For this construction is a creative endeavor, and ethnic American identity can take any form. While reading “American Chica” I thought of the music of black Americans whose observations on the identity struggle ranged from the elegance of Miles Davis’ “Bye Bye Blackbird” to the rancor of Jimi Hendrix’s rendition of our national anthem.

Arana takes the latter path, writing more from the breach than the bridge. It is the image of doubleness she returns to, again and again. “[B]y the time I was grown,” she writes, “I knew there were two women I could be--the Latina or the gringa--and that at every juncture I would need to choose one.” “I was divided.” “If I could feel both gringa and Peruvian, it was because I juggled two brains in my head.” She even identifies her job as the literary editor of the Washington Post with her American self, contrasting it with the Latina inside of her who “burns incense, prays on her knees to the Virgin, feels auras, listens for the spirits of the dead.”

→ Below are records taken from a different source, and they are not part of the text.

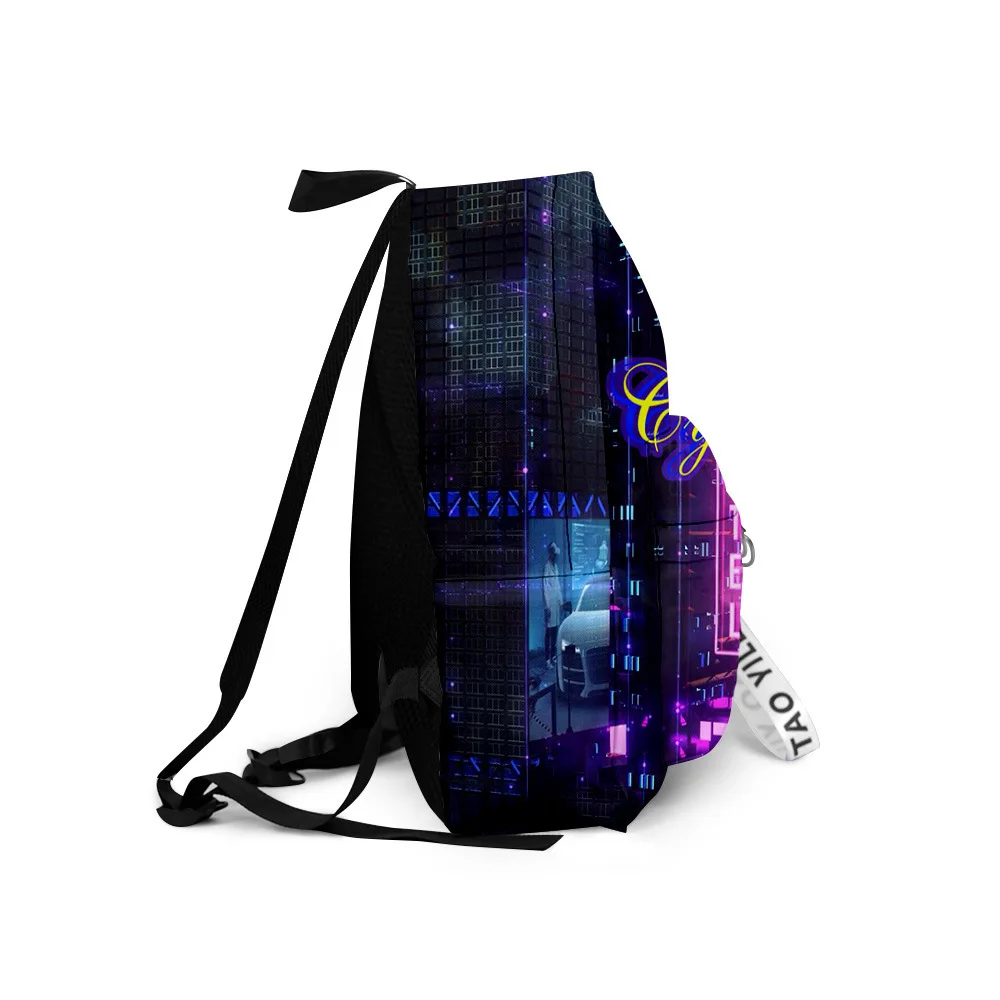 Classic Popular Cyberpunk School Bag Boys Girls Cute Small Travel Bags 3D Print Oxford Waterproof Key Chain Notebook Backpacks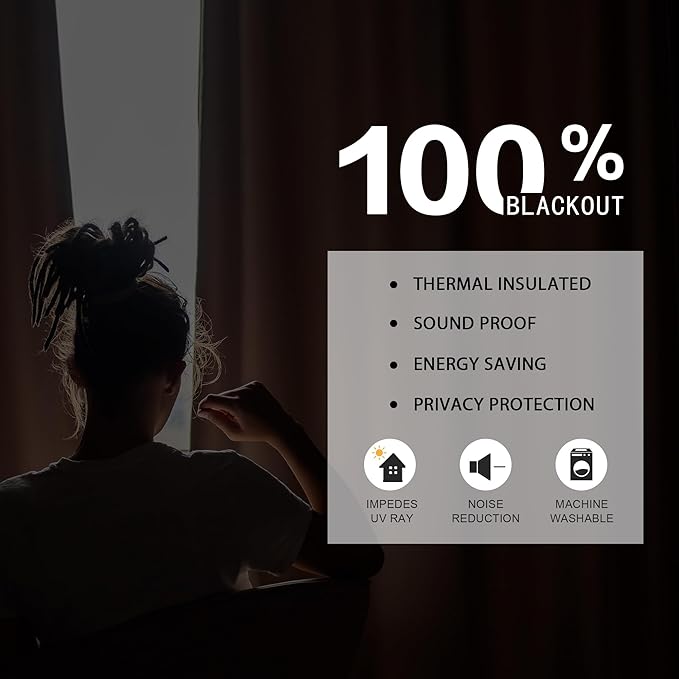 DUALIFE 96 Inch Curtains 2 Panel Set Farmhouse Blackout Heat Reducing Sun Block Out Curtains for Bedroom Dorm UV Blocking Noise Canceling Burlap Linen Look Drapes Rod Pocket Back Tab,50 X 96 Blue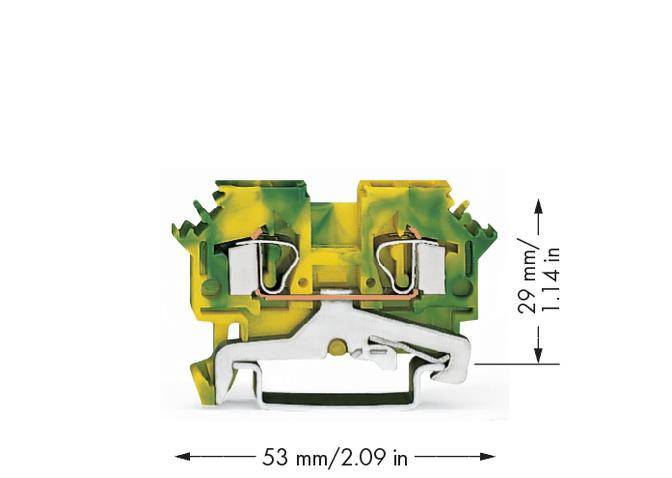 Gelb-grüner elektrischer Klemmblock, Abmessungen: 53 mm x 29 mm.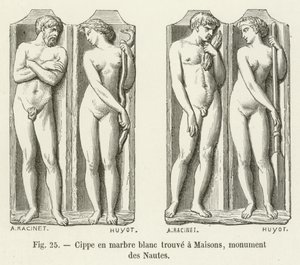 Cippus i vit marmor hittad vid Maisons, monument des Nautes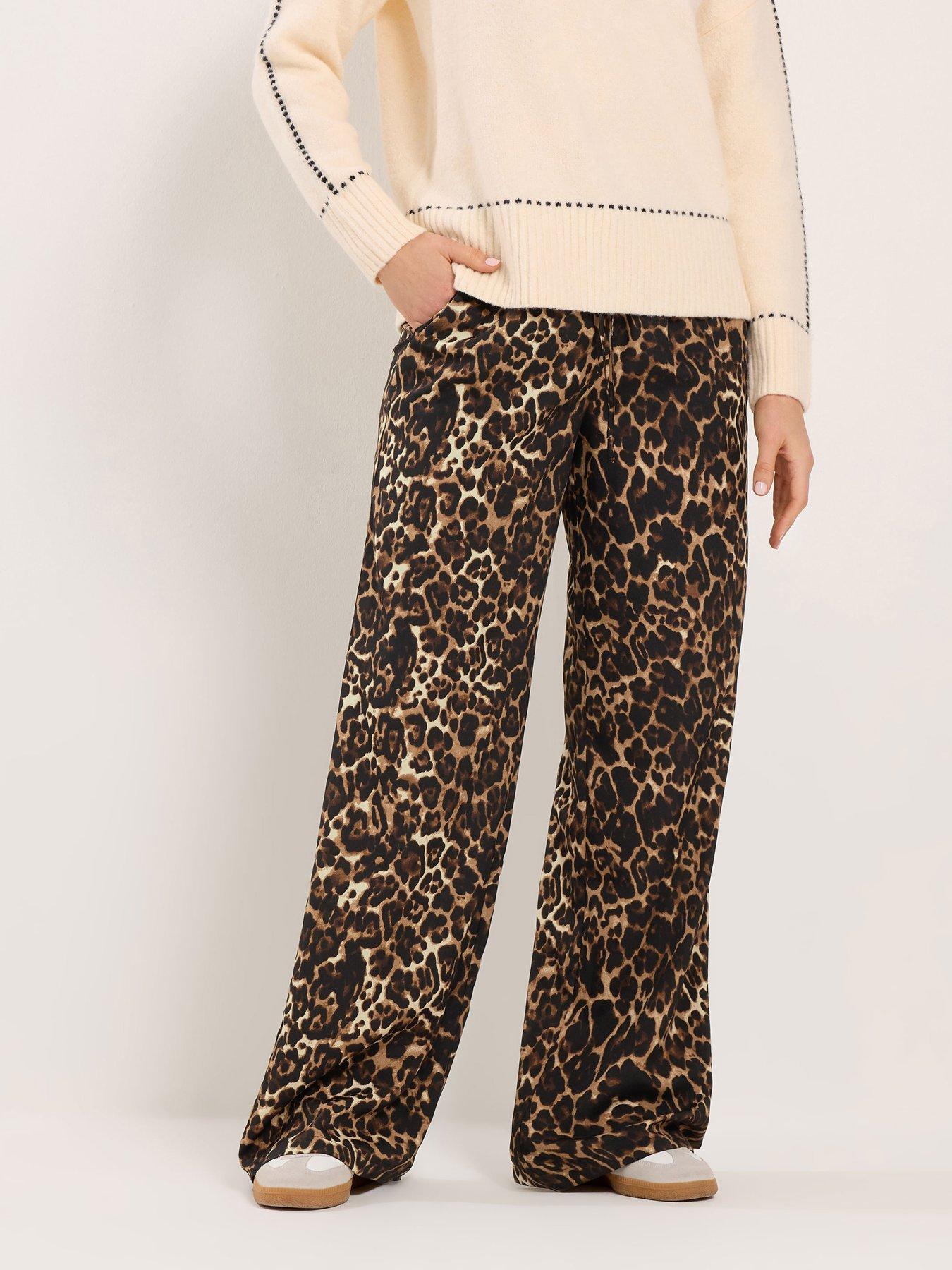 Long Tall Sally Leopard Print Wide Leg Trouser 34" - Brown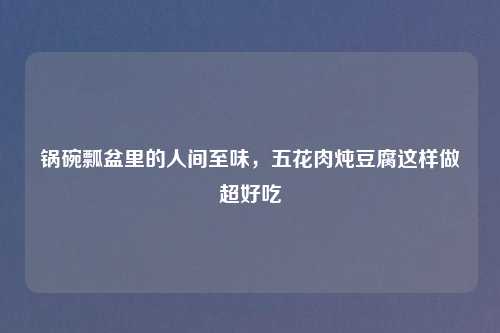 锅碗瓢盆里的人间至味，五花肉炖豆腐这样做超好吃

Her heritage gives her a Janus-like perspective, but sometimes the effort of juggling her two souls can leave her exhausted. In the middle of the autobiography, she describes her first trip to the United States in 1956, when she visited relatives in Wyoming and learned a lesson about herself. She discovered there “a part of me--a very un-Peruvian part--that wants to run. Leave. Go .... [O]ut West .... a big sky was everywhere. Little wonder a spirit yearned to move on.”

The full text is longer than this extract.